Evangelical = Hatemonger?

A letter as a denouement on the popularity of the Get Out of Hell Free products (after my essay on the topic, which is still up on the GOOHF site).

Pastor John in Oregon:

As a Christian Pastor (Lutheran-ELCA) I too find it interesting how so many who call themselves Christian practice Hate over anything else first. So much so, that when I am asked what I do, for example when riding on a plane, I want to answer something like ‘Lawyer’.

You made a comment about the ‘Christians’ that picketed a funeral. A friend of mine, who is a Lutheran pastor and lesbian, felt honored enough to have her church picketed by [the minister who led them]. It truly is a sad day when you judge how ‘Christian’ you are by how many Fundamentalists you piss off.

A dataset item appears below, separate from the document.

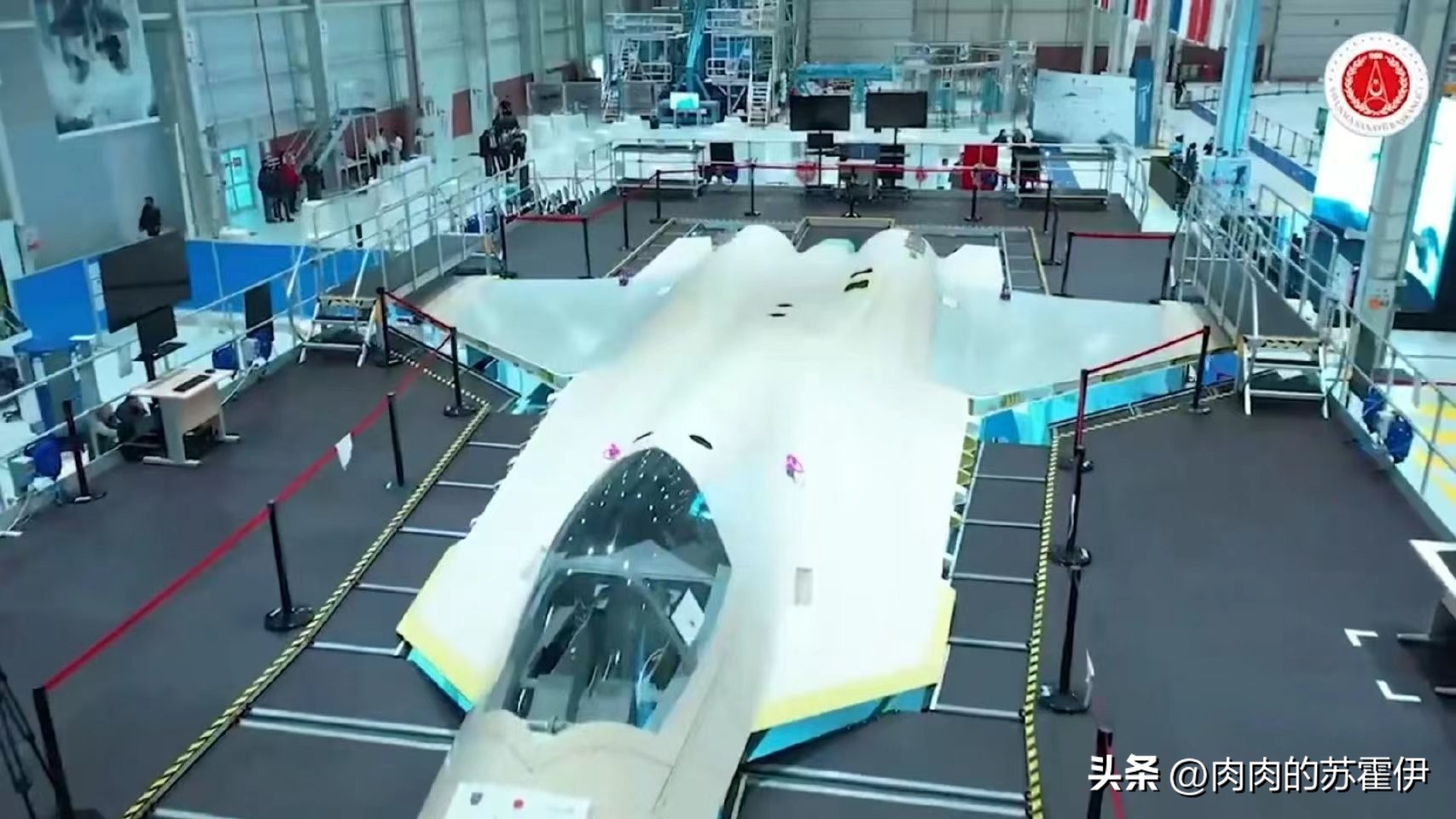 土耳其仿照歼20的无人机,歼20之后又一款五代机诞生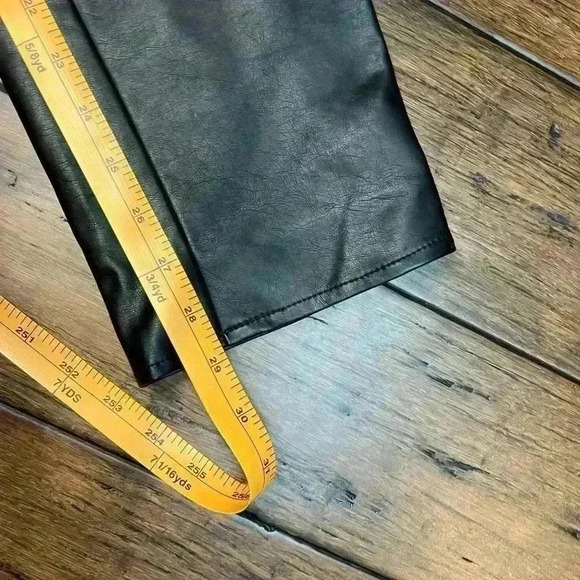 LAUREN RALPH LAUREN faux leather high rise size 10 - Picture 5 of 8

True’s Official Consulting Pastor, Dr. Rev. Rus in Rochester, New York, sent me an interesting quote last week. Rus is often good at putting everything into perspective: “It is the test of a good religion whether you can joke about it.” –G.K. Chesterton.

Then today, Rus sent me another, which he found in the book he’s currently reading, When Bad Christians Happen to Good People (yes, really!):

The greatest single cause of atheism in the world today is Christians who acknowledge Jesus with their lips then walk out the door and deny Him by their lifestyle. That is what in unbelieving world simply finds unbelievable. —Brennan Manning.

I don’t fully agree with the quote, since I think most atheists aren’t “caused” by any one event, but it’s pretty interesting and telling.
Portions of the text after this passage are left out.